Noise, for instance. In the United States, we are used to a lower level of sound than you find in Tijuana, where every store seems to blast musica into the street in deafening volumes. 
And there are smells. Almost all of them are wonderful smells. I didn’t smell any stale urine until I walked back into the U.S.
Instead, I smelled lemons, roasting chickens, fresh leather, chile peppers, piles of fresh vegetables, cilantro and vanilla.
There are some less pleasant smells, too. Cigarette smoke is everywhere. And Mexican ideas of automobile emissions are very different from ours. They seem to think the more emissions, the more money you make.
Money is the single ubiquitous thought in Tijuana. Economics blot out every other concern. I didn’t see any religious symbols except those for sale, I didn’t see any art except that for sale, I didn’t see any culture except that for sale.
At every square inch of the city, there is somebody scratching out a buck, or a peso — although almost everything sold on Avenida Revolucion is priced in American dollars.
Jewelry, leather, tequila, cheap blankets, more marionettes than I’ve ever seen in one place — they tend to be Disney cartoon characters.
And questionably Cuban cigars — the sign on the store awning read: ”Cuban Cigars Since 1492.”
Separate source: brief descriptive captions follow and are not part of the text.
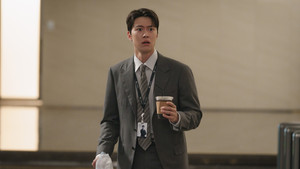 Filing for Love 1×6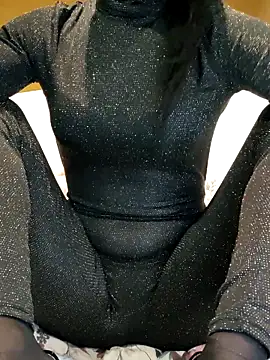 Melody87 online show from February 26, 2026, 9:03 pm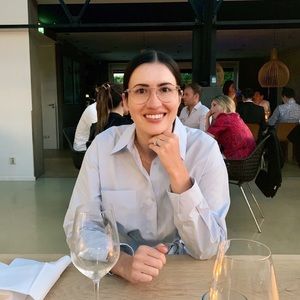 Meet your Posher, Caitlin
And mannequins. Most stores show off their wares on stiff Anglo-looking mannequins. In one, gender identity turned into street theater as fake beards were displayed on women’s fashion-model heads.
In another, the most elaborate wedding dresses were in the storefront, on mannequins with their faces turned away from the street. 
MUSEO DE CERA
If you don’t find enough of the mannequins in the stores, you should try the Tijuana Wax Museum, which advertises ”More than 60 figures,” although I didn’t count quite that many when I walked through.
Many of the figures are distinctively Mexican: There are Emiliano Zapata and Pancho Villa. Cantinflas has his place of honor. But so do Elvis and Michael Jackson.
Mexican history is prominent, but the figure of Father Eusebio Kino looked uncomfortably like Bela Lugosi. I wondered if he had been recycled from an old Dracula tableau.
I was there at opening time, but no one else was, including the people who ran the place. About 15 minutes later, someone showed up and unlocked the door, flipped on the lights and began taking admission money.
Don’t miss Rita Canseco — she is a national heroine, although we know her here better as Rita Hayworth. And whole halls are devoted to the Mexican equivalents of Merle Haggard and Hank Snow.
I knew I couldn’t leave town without eating some Mexican food, so I wandered into Tilly’s Fifth Avenue, a dark little smoky place on Avenida Revolucion. An attractive young woman stood outside the door hawking for the place. There are people outside every door in Tijuana like carnival barkers trying to draw you in, even in mid-December, when I seemed to be about the only gringo on the streets. 
The food was very good, a great deal funkier than the normal American version of the cuisine — with more character and flavor. The big combo plate and a homemade lemonade came to $6. But the best thing was the bowl of chips and salsa.
The chips were thick, crunchy and corn. The salsa fresca was the best I’ve ever eaten. It came in a tacky plastic bowl textured to imitate the ancient soapstone molcajetes of the countryside.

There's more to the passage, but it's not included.